- Born: April 12, 1912 New York City, U.S.
- Died: July 9, 1989 (aged 77)
- Occupation: Animator
- Years active: 1930–1939
- Children: 1
- Awards: Motion Picture Screen Cartoonists Golden Award (1987 honoree)

= Lillian Friedman Astor =

American animator (1912–1989)

Lillian Friedman Astor (born April 12, 1912 – July 9, 1989) was an American animator who was one of the first female animators in the country. She worked for Fleischer Brothers' studio, inking and eventually animating various Betty Boop cartoons, as well as one Popeye, some Color Classics, and several Hunky and Spunky cartoons, although she received screen credit on only six of the forty-two cartoons she animated in her lifetime. The Fleischer Studios' policy was to never credit more than two animators in a cartoon, and Friedman was usually one of the animators left out from the credits.

==Personal life==
Born in New York City, Friedman started drawing at the age of 12 and later attended Washington Irving High School, where she studied commercial art and fashion design. After graduating, she worked as a fashion designer.

== Animation career ==
Friedman began as an inker, colorist, and inbetweener, along with a classmate named Lillian Oremland, in July 1930 in a small animation studio financed by Montrose Newman working for a pilot that was a fantasy set to Spring Song. They then became inbetweeners at Frank Goldman's Audio Cinema, in a space shared with Terrytoons. She recalls animating a Listerine commercial with germ characters designed by Dr. Seuss, which Astor expressed frustration about his inability to animate. Through Goldman's friendship with Fleischer, they were both hired as inbetweeners at Fleischer Studios in July 1931. Shamus Culhane, liked her work so much that he hired her as an animation assistant in February 1932, but in April of that same year Culhane's idea of having an assistant was abandoned and she went back to inbetweening, but Culhane continued to encourage her on her dreams of being an animator. In 1933, head of Timing Department Nellie Sanborn gave her the chance to redo a scene from a Betty Boop film and showed it to the Fleischer brothers without telling them it was done by a girl inbetweener; in July 1933, she was signed to a three-year contract as an animator, where she got paid $30 a week. After briefly being in Seymour Kneitel's unit, where the animators were all mean to Astor and made sarcastic remarks, she went to Myron Waldman's unit, which was the opposite and had very nice young animators who accepted her as one of them.

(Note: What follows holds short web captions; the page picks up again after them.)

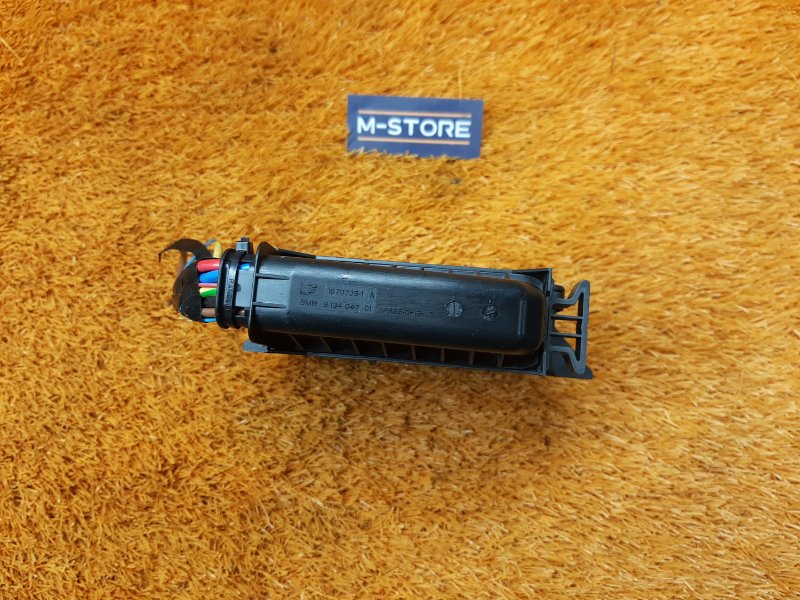 Блок управления стояночным тормозом, 700 рублей, Красноярск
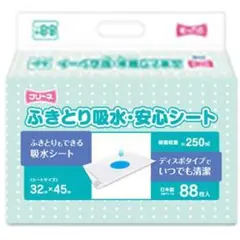 Item thumbnail for item c8de14ef-96ea-4c7a-9442-b45431db7756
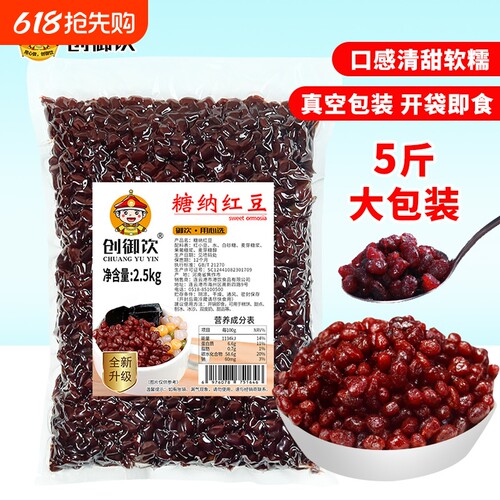 创御饮糖纳红豆蜜豆1kg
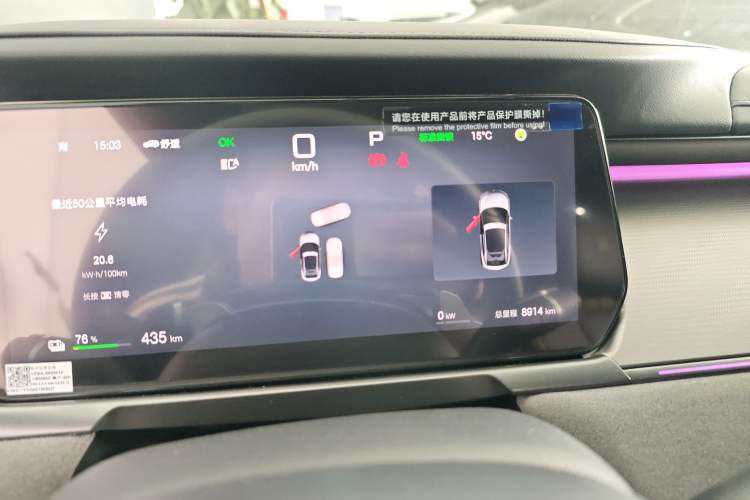 Used BYD Song L EV 2025 Intelligent Driving Version 602 km Range LiDAR-equipped All-Wheel-Drive Type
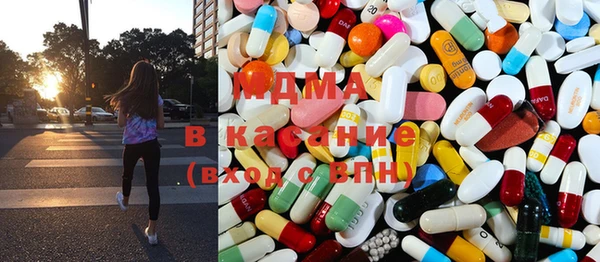 mix Волоколамск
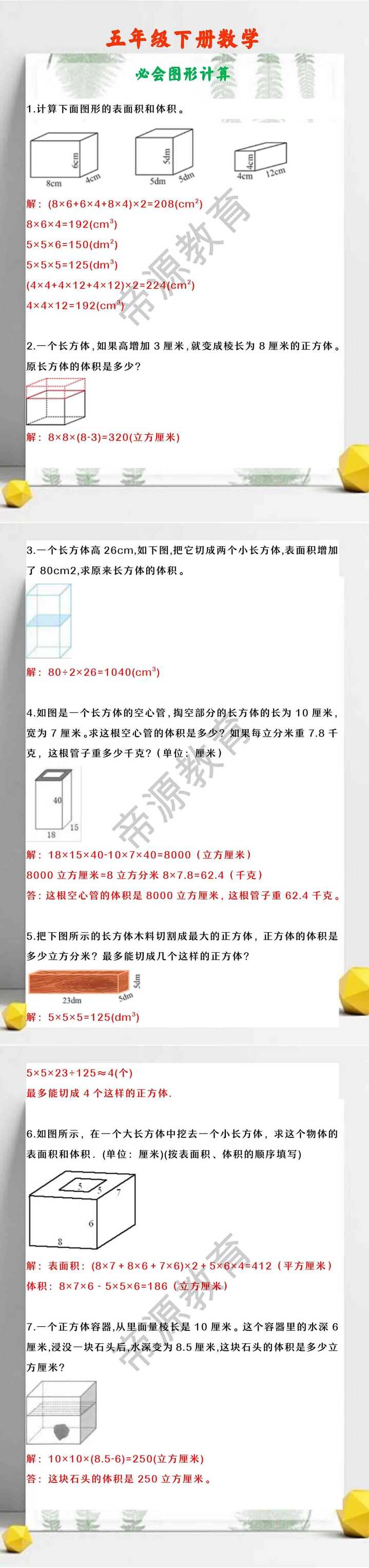 五年级下册数学 必会图形计算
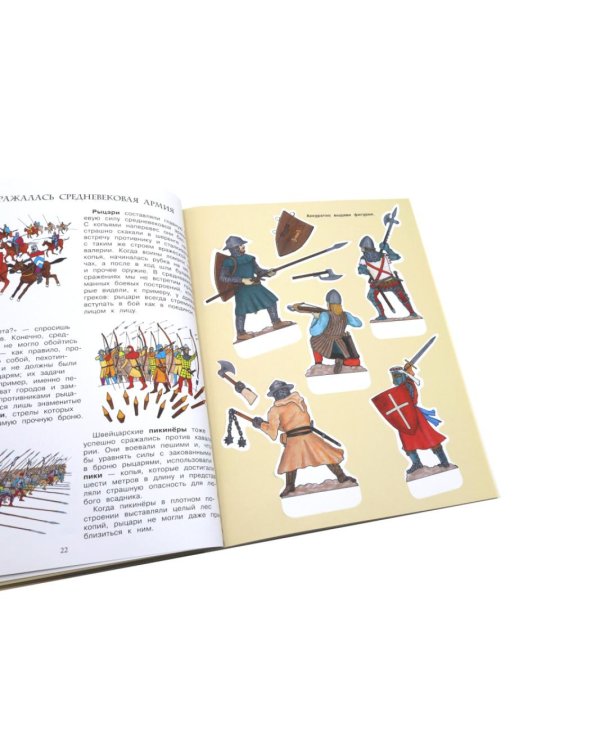 Солдатики: легионеры, рыцари, самураи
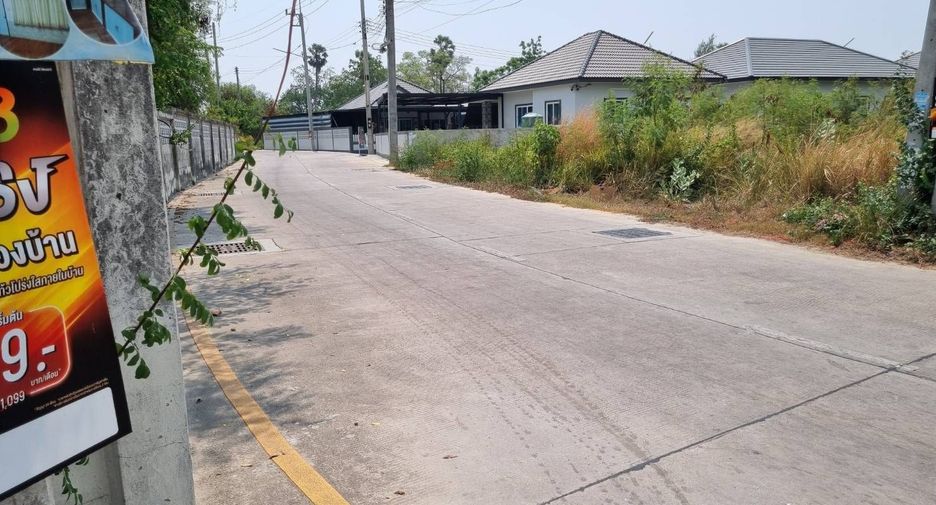 For sale land in Mueang Chon Buri, Chonburi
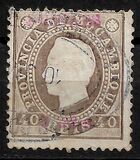 [King Louis I, タイプ B4]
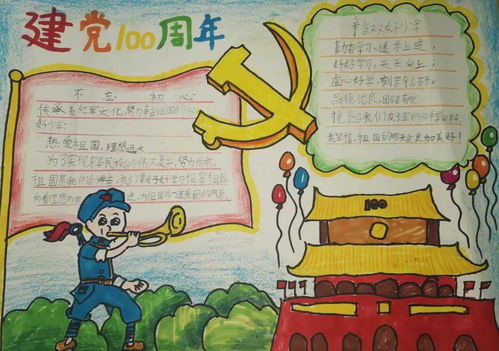 新世纪学校举办红色主题阅读传承红色基因主题书画手抄报比赛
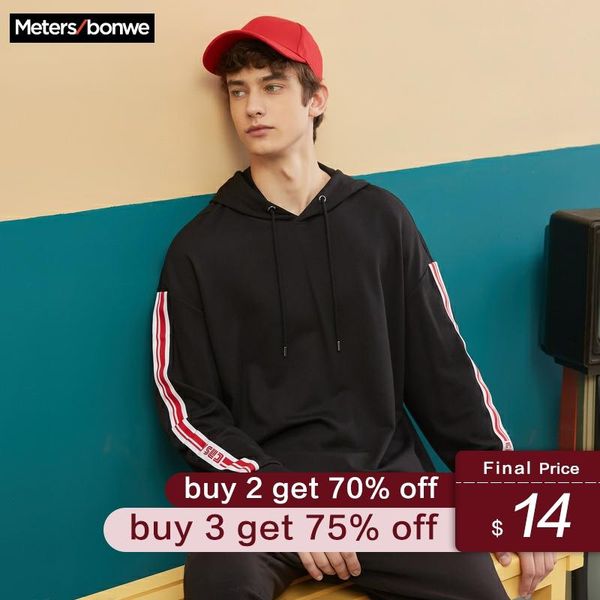 metersbonwe spring new men casual fashion trend hooded sweatshirts male teenager hoodies side stripes loose, Black
metersbonwe spring new men casual fashion trend hooded sweatshirts male teenager hoodies side stripes loose, Black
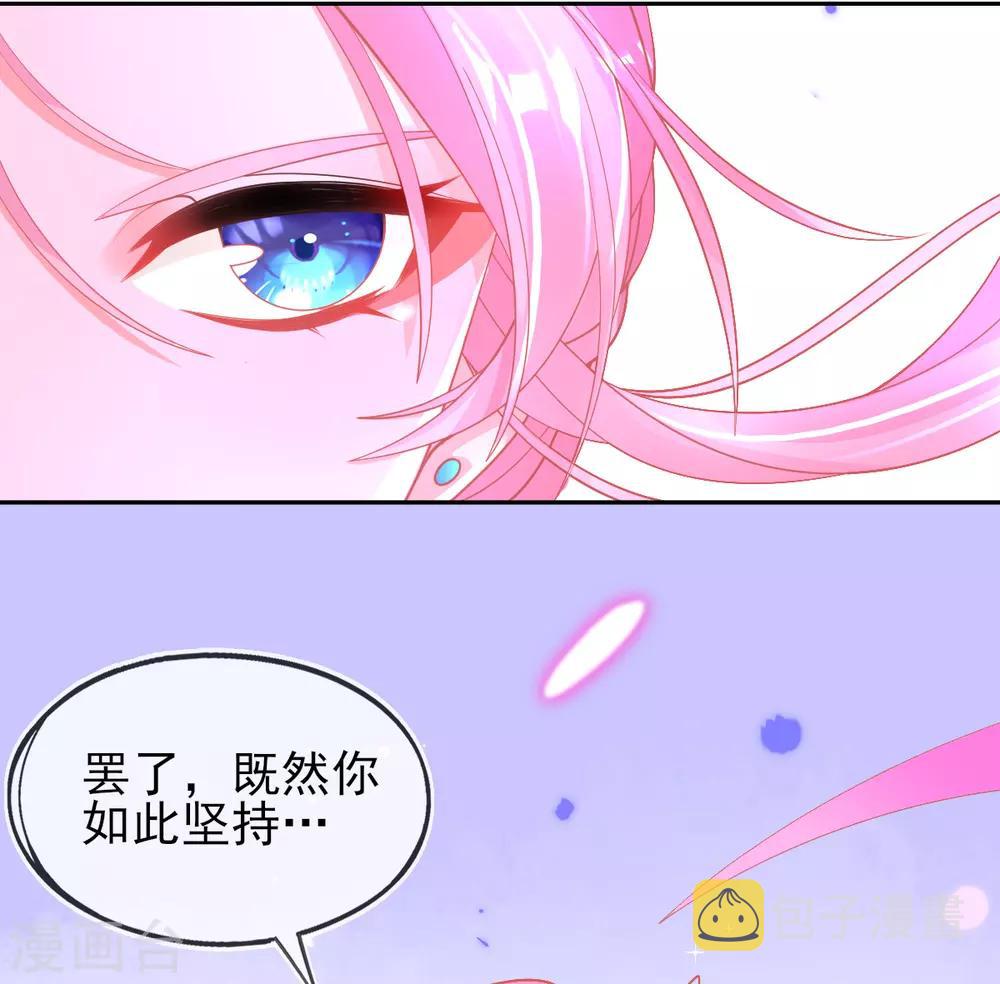 本王妃神藤在手漫画,第47话 佣兵团报恩2图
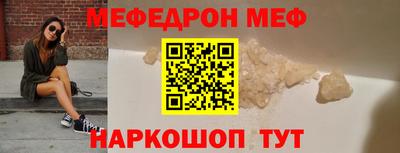 прущие крисы Рузаевка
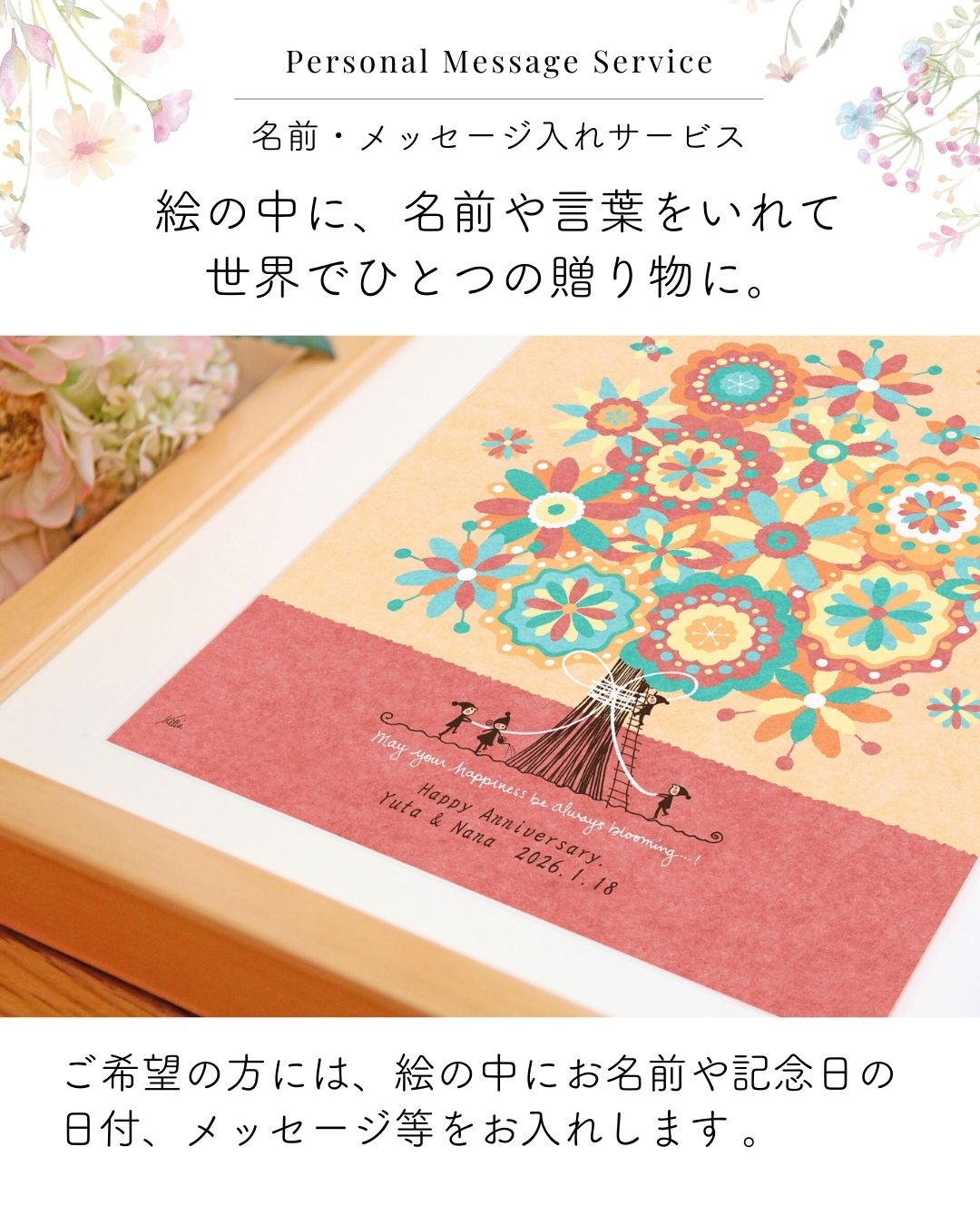 新築祝いプレゼント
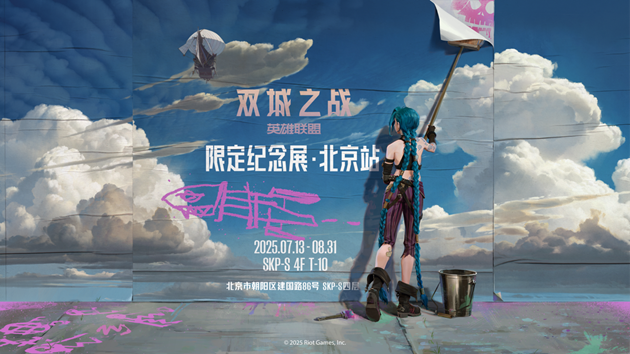 图13.png
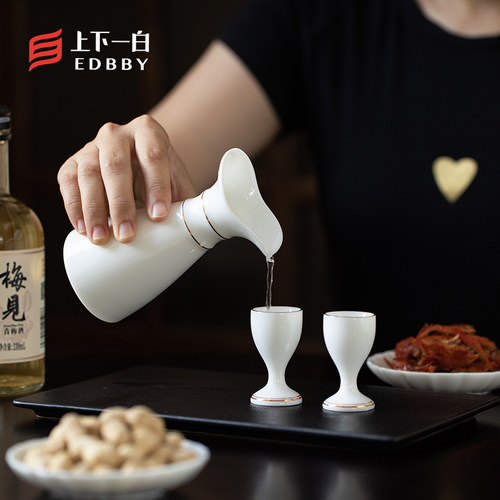 「上下一白」白酒杯分酒器套装高2钱小酒杯白酒杯烈酒杯家用
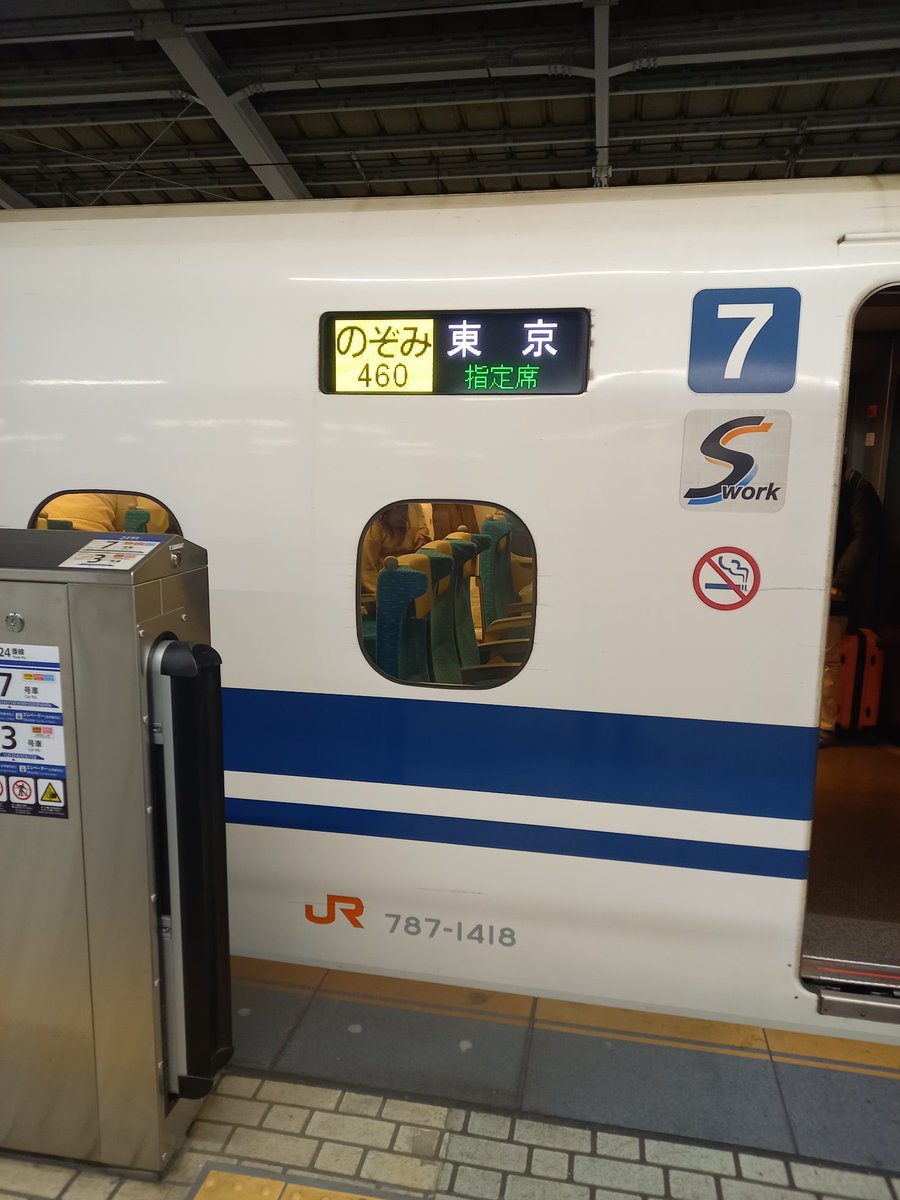 URL:N9550HV OR URL:N6481HT OR URL:N9520HQ OR URL:N9665HP OR URL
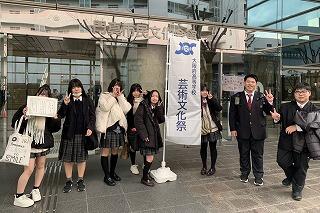 吹奏楽部が「芸文祭📯音楽3部門」に出演しました♬♩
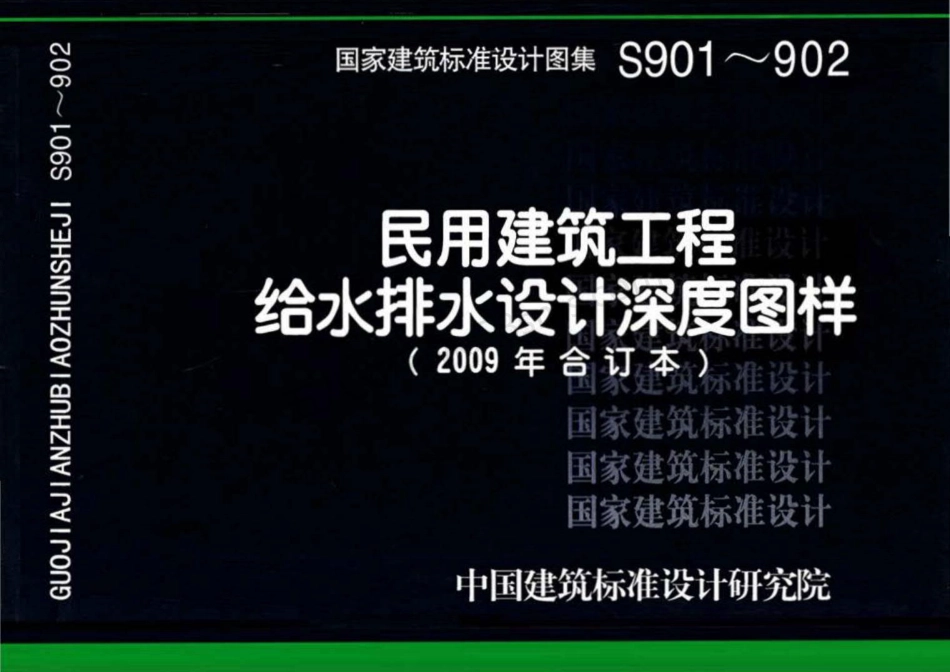09S901~09S902 民用建筑工程给水排水设计深度图样(2009年合订本).pdf_第1页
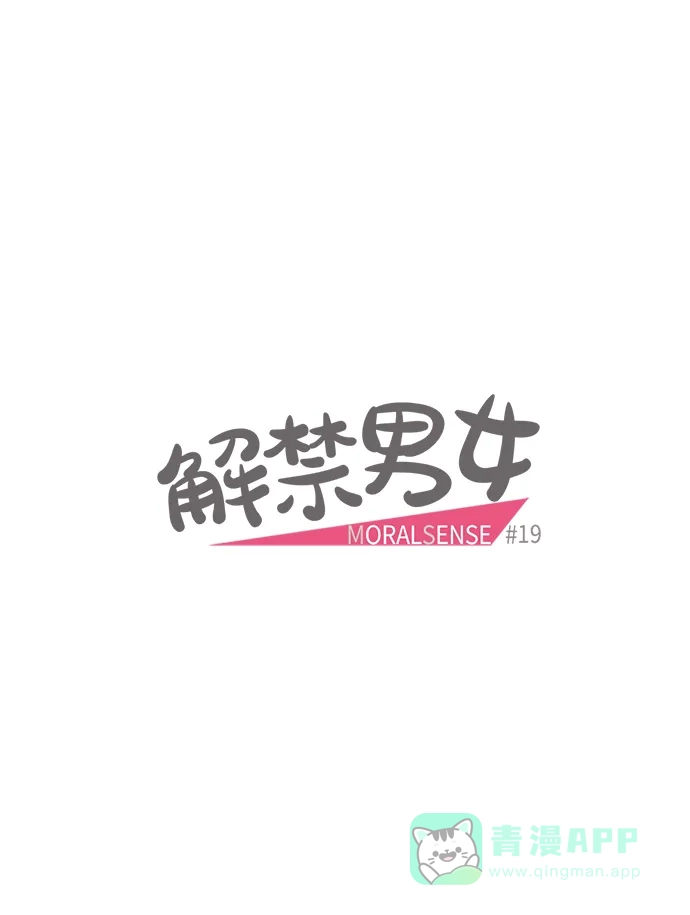 《解禁男女》第19话 第4页
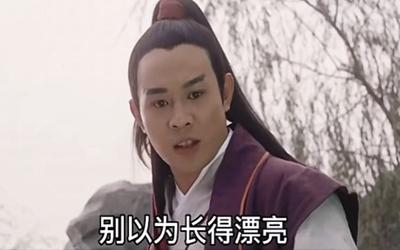 别以为长得漂亮就可以晚回消息表情包 1.0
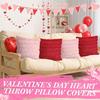 Fluffy Plush Pillow Covers Super Soft Decorative Pillowcase Cushion Cover  for Valentines Day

She animated for an Popeye cartoon, where she was uncredited, Can You Take It (1934). Her animation work also appears in, Betty Boop's Prize Show (1934), Making Stars (1935), Judge for a Day (1935), Be Human (1936), The New Deal Show (1937), Pudgy Takes a Bow-Wow (1937), Buzzy Boop at the Concert (1938), Pudgy and the Lost Kitten (1938), Honest Love and True (1938), and the Color Classic Hawaiian Birds (1936). She was also responsible for animating several scenes in Popeye the Sailor Meets Sindbad the Sailor in 1936, specifically Popeye giving the "twisker" punch and the two-headed giant, "Boola."Hunky and Spunky and Educated fish were two cartoon classics that she helped animate that were nominated for Oscars.

In 1937, the employees at Fleischer went on strike and went past the picket line, and so did Astor. Her open stand for the Commercial Artists and Designers Union, since she was hired there that year, caused direct and indirect abuse from catcalling from the company and they forced her not to get paid more unless she stayed with the union. She failed to find a job after the studio moved to Miami, Florida (a move successfully designed to bust the union). When her husband finally got a job in February 1939, she put aside her animation career to raise a family.